15:10catalinp86: Andrew, there's 2GB
15:10catalinp86: nouveau 0000:03:00.0: DRM: VRAM: 2048 MiB
15:12AndrewR: catalinp86, then sorry, no other simple idea what can cause this ... /reboots
17:01AndrewR: hi all (again). I hanged my second card, but send email to nouveau list with vdpau related traces and logs
17:21AndrewR: recompiling mesagit with #define NOUVEAU_VP3_DEBUG_FENCE 1 (in src/gallium/drivers/nouveau/nouveau_vp3_video.h) Any additional checks I should enable? Also, aren't those asserts better to bedebug messages/printks? I mean in https://cgit.freedesktop.org/mesa/mesa/tree/src/gallium/drivers/nouveau/nv50/nv98_video.c - switch statement at line 196 and down ....
17:25AndrewR: I mean, pipe driver should never feed nouveau with invalid values there, right? But at least one assert was firing for me recently (not those, one at nv98_decoder_decode_bitstream ) ..so something was not decoded correctly.. and is there possibility such assert will leave some GPU internal in even more inconsistent state ?
17:57AndrewR: reboot time, I guess (i think there were some scripts for re-setting secondary GPU, but I don't have them, and too dumb for recreating them ...)

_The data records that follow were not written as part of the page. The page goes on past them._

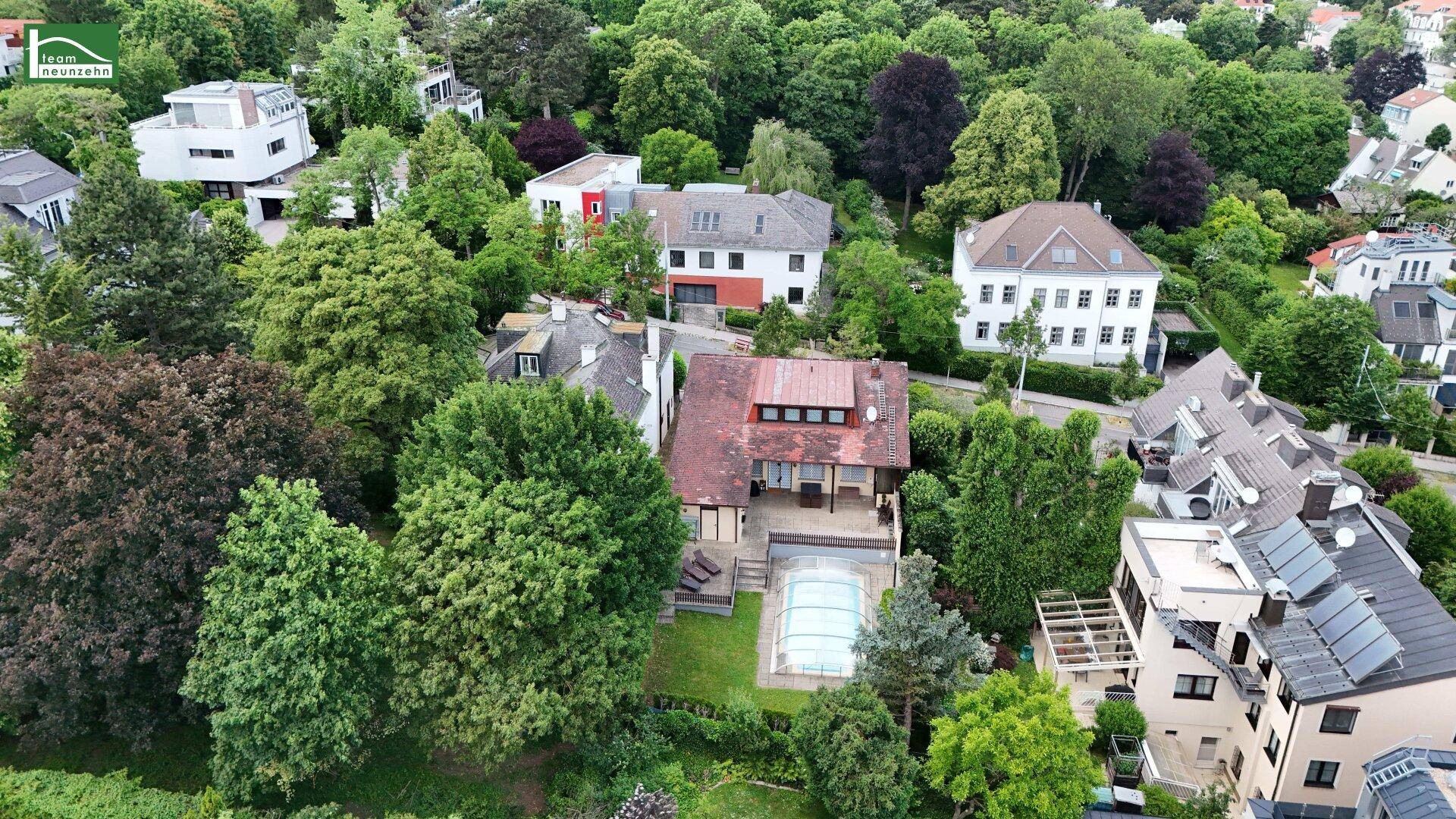 Luftaufnahme des Anwesens mit Haus, Pool und Garten, umgeben von weiteren Wohngebäuden und Bäumen.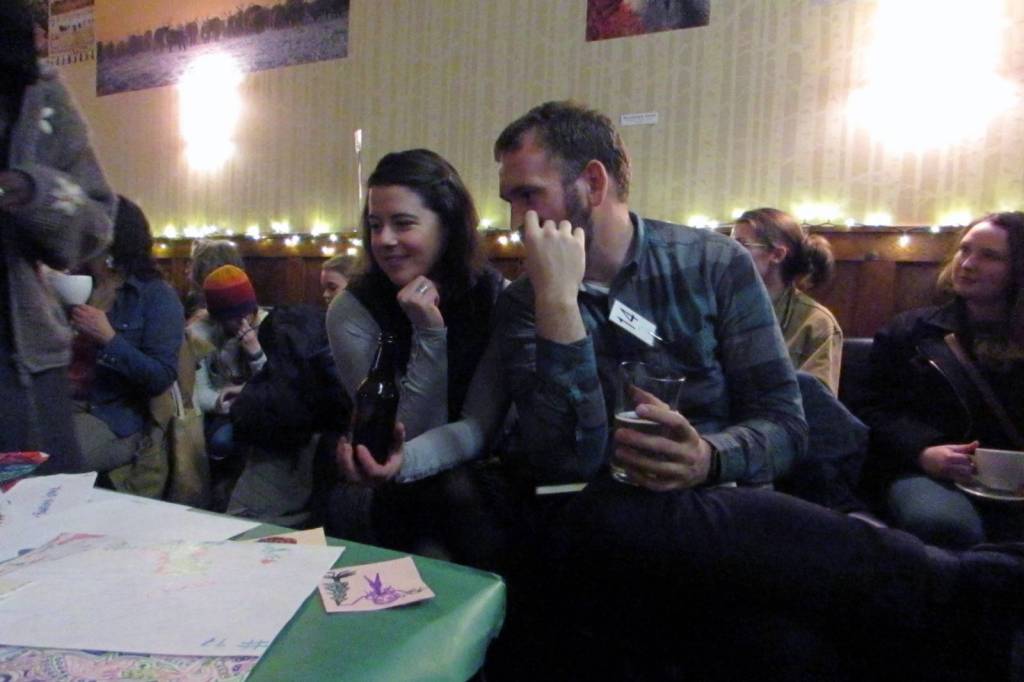 Jesse Peterson and Stephanie Warpinski look at artwork Peterson made during previous Mountainside Open Mics during the final open mic of the season, Thursday, Dec. 13, 2018.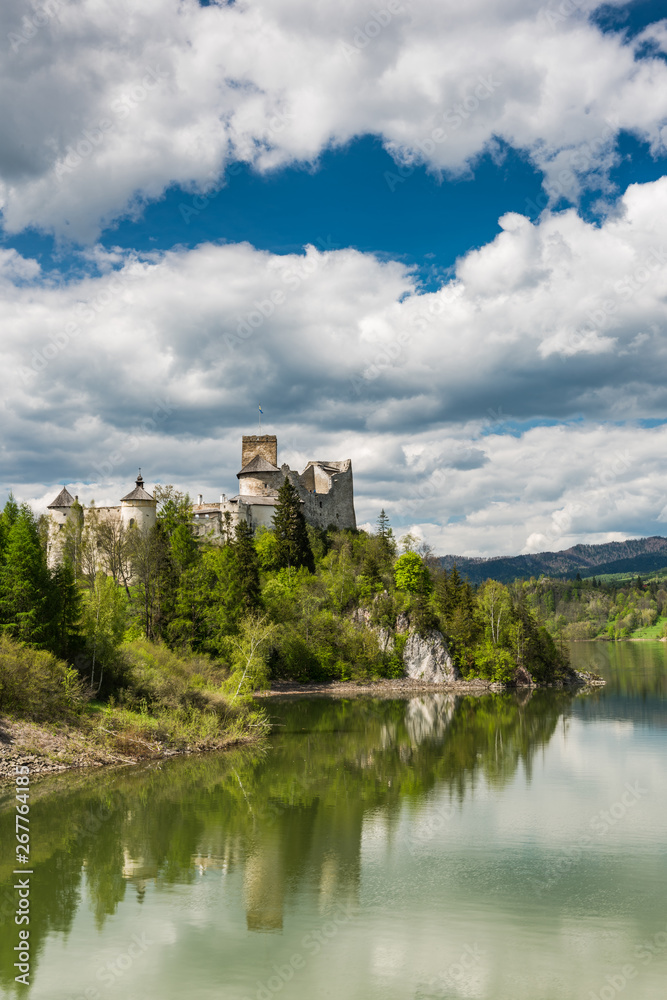 Niedzica castle on hill top at Czorsztyn lake and Dunajec river in Poland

18:04AndrewR: more asserts! cin: ../src/gallium/drivers/nouveau/nouveau_vp3_video_vp.c:368: uint32_t nouveau_vp3_fill_picparm_h264_vp(struct nouveau_vp3_decoder *, const struct pipe_h264_picture_desc *, struct nouveau_vp3_video_buffer **, unsigned int *, char *): Assertion `dec->refs[refs[j]->valid_ref].vidbuf == refs[j]' failed. Got this one while trying CinelerraGG with vdpau acceleration ;}
18:09AndrewR: strabge, it doesn't hang so far :}
18:23AndrewR: so, with NOUVEAU_VP3_DEBUG_FENCE 1 it decodes slower a bit (238 vs 226 seconds on 3:36 h264 1080p, 60 fps video), but no hang so far ...time to try FIVE mplayers at once .....

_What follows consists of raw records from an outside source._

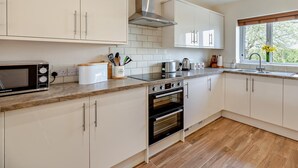A modern kitchen with white cabinets, a stainless steel range hood, a microwave, a toaster, and a window with a view of greenery. - 1 Bed in Bridgwater (oc-79215) (Ashcott)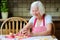 Happy senior woman making cookies at the kitchen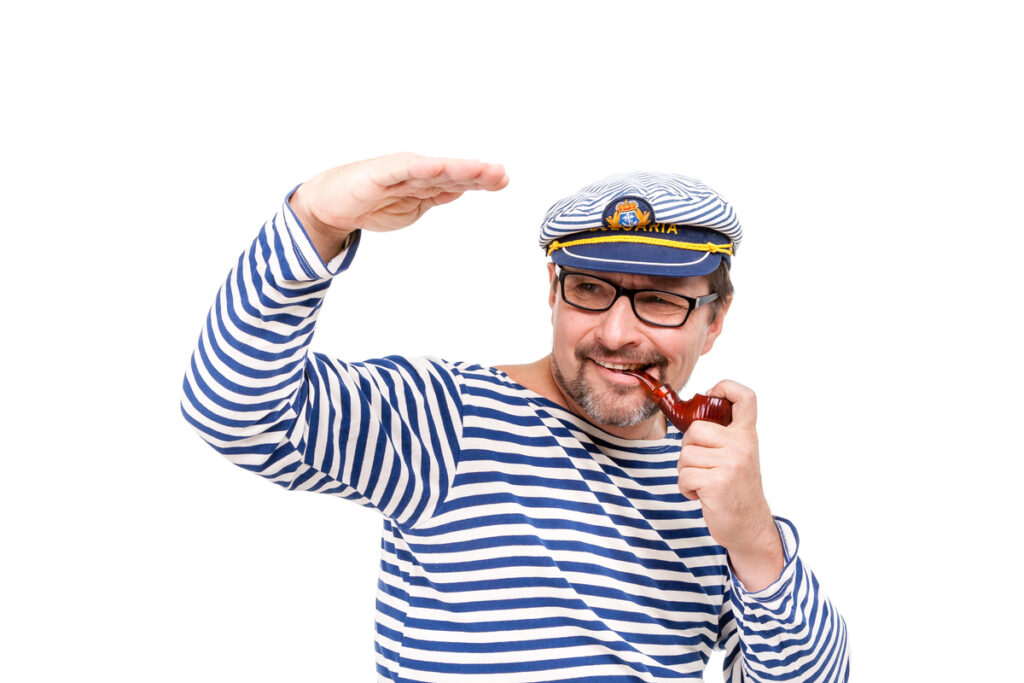 Мужчина-моряк в кепке с курительной трубкой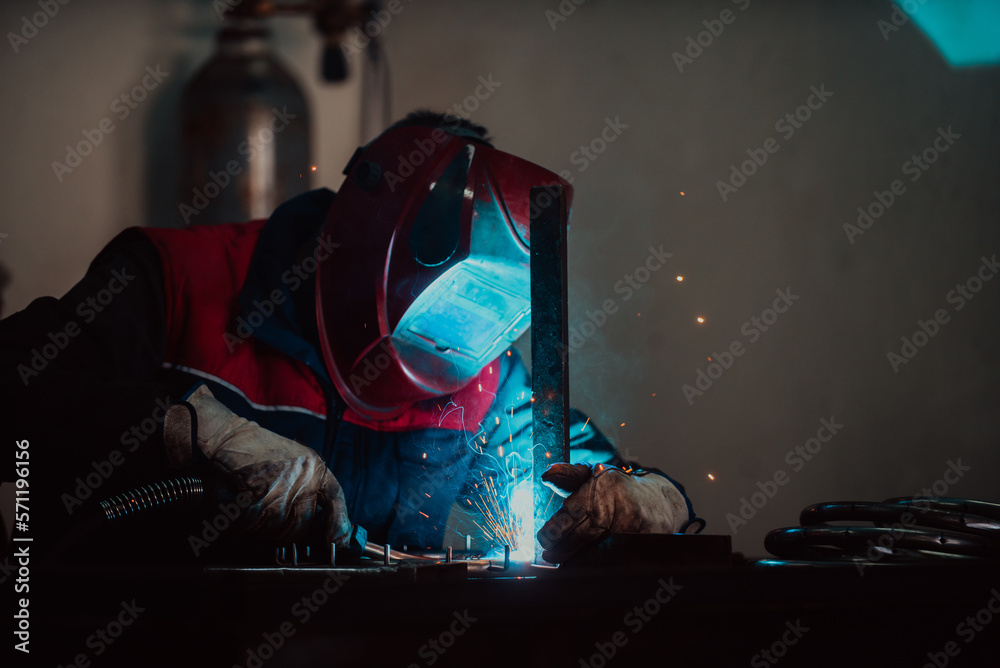 Profesional welder in protective uniform and mask welding metal pipe on the industrial table with other workers behind in the industrial workshop. Profesional welder in protective uniform and mask welding metal pipe on the industrial table with other workers behind in the industrial workshop.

18:24AndrewR: it survived!
19:36AndrewR: so, interesting ..I removed one assert in /src/gallium/drivers/nouveau/nouveau_vp3_video_vp.c at line 368, and now Cinelerra loads h264 files w/o asserting, and even plays them. but still I run into this disp: ERROR 1 [PUSHBUFFER_ERR] 02  chid 0 mthd 0000 data 00000400 / DRM: core notifier timeout - and thus most likely will reboot machine soon
22:16AndrewR: so, it was VP4, not VP3 .. I mis-remembered those :/ But I also got new assertion :} gst-play-1.0 + mpeg2 file via VA-API = gst-play-1.0: ../src/gallium/drivers/nouveau/nv50/nv98_video.c:56: void nv98_decoder_decode_bitstream(struct pipe_video_codec *, struct pipe_video_buffer *, struct pipe_picture_desc *, unsigned int, const void *const *, const unsigned int *): Assertion `ret == 2' failed.
22:36AndrewR: and also this accumulating Xorg load under dri3 apparently comes from nouveau_drv.so itself (according to operf/opreport from root user on X's pid). Time to rebuild with debug symbols ... but not now, another task for tomorrow.